The other two are Catherine Williamson, who has links to the hospitality industry in Northern Ireland, and Aideen Corr.

However, there was anger last night from some of those at the centre of the case.

Several of the people facing proceedings claimed they were being made scapegoats to deflect attention from civil servants who failed to provide proper scrutiny.

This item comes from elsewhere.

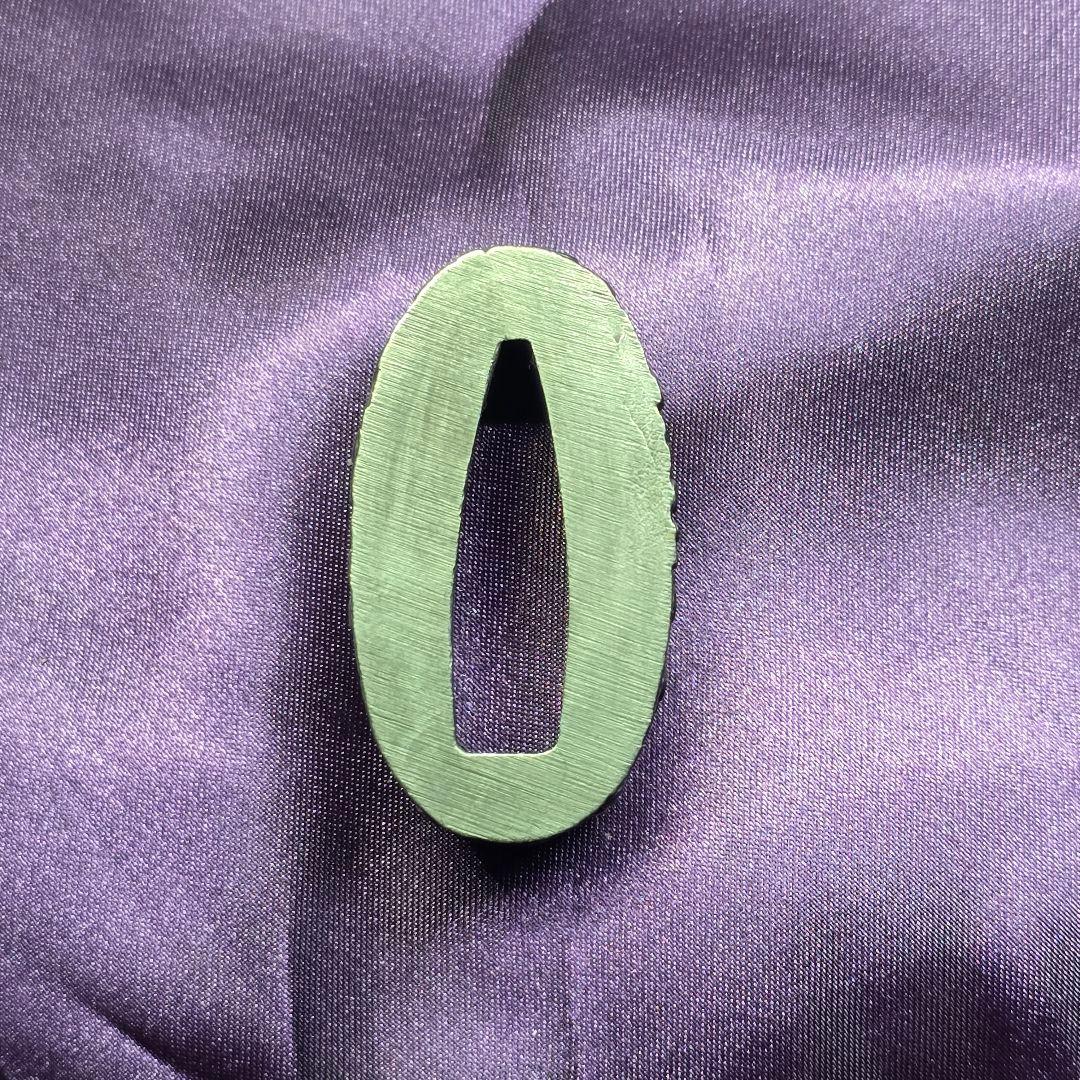 縁頭 鐺 一作金具3点 大縁41mm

Mr Rodgers, a long-serving Ulster Unionist councillor and the current High Sheriff of Belfast, said he had been hung out to dry.

"All of us are absolutely horrified and totally devastated that this should be happening," he told the Belfast Telegraph.

The NIEC was set up to boost Northern Ireland's profile around the world.

In its early years, it subsidised showpiece gigs at Stormont by artists including Pavarotti, Rod Stewart and Elton John. A motocross event in Moneyglass in 2007 was also organised by the events company.

However, it went bust in 2007, leaving the taxpayer to underwrite debts of £1.6m.

Separate reports by the Audit Office and the PAC criticised the oversight provided by the Department of Culture, Arts and Leisure (DCAL), the NIEC's sponsoring body.

The PAC accused DCAL of being "asleep at the wheel" and of ignoring warnings of the looming crisis. It also said that the NIEC's board provided no challenges, leadership or direction and lacked basic common sense.

Earlier this year, the organisation's former chief executive, Janice McAleese, was banned from acting as a company director for 14 years.

Michael Humphreys QC, representing the Department for the Economy, told the court some of the respondents have indicated they plan to contest the proceedings. Others were said to be considering whether to give undertakings in connection with possible disqualifications. Following a brief hearing, the case was adjourned until November.

Mr Rodgers told this newspaper that he was aghast at the court action.

He said he took on the role - which was unpaid - to provide a service to the community and that the 11 people facing court action were being "scapegoated".

"We audited reports, we had accountability meetings with senior officials in DCAL and nobody at any time pointed out to us that things were not going correctly or properly," he added.

"We didn't mis-spend or take any money out of the company, and I think we are basically being made scapegoats."

Bill White, meanwhile, said he was "extremely annoyed". "It was a voluntary board with no remuneration - it actually cost me money to go on it," he added.

"I am extremely angered about it. I put my advice and guidance in free of charge as a gesture to help events in Northern Ireland."

Solicitors for two other ex-board members hit out at the action. Michael Wilson, who is representing Alan Clarke, claimed the department was targeting people who were "delivered a hospital pass" with their unpaid roles in the Events Company.

"There's an inequality in bringing a civil prosecution against the directors of the company while there's no sanction for civil servants whose beast this was, and who had wholly inadequate oversight," he said.

John Gordon, lawyer for Jim Clarke, added: "Our concern is that these people are basically scapegoats, because the Government is deflecting from its own inadequacies and failures."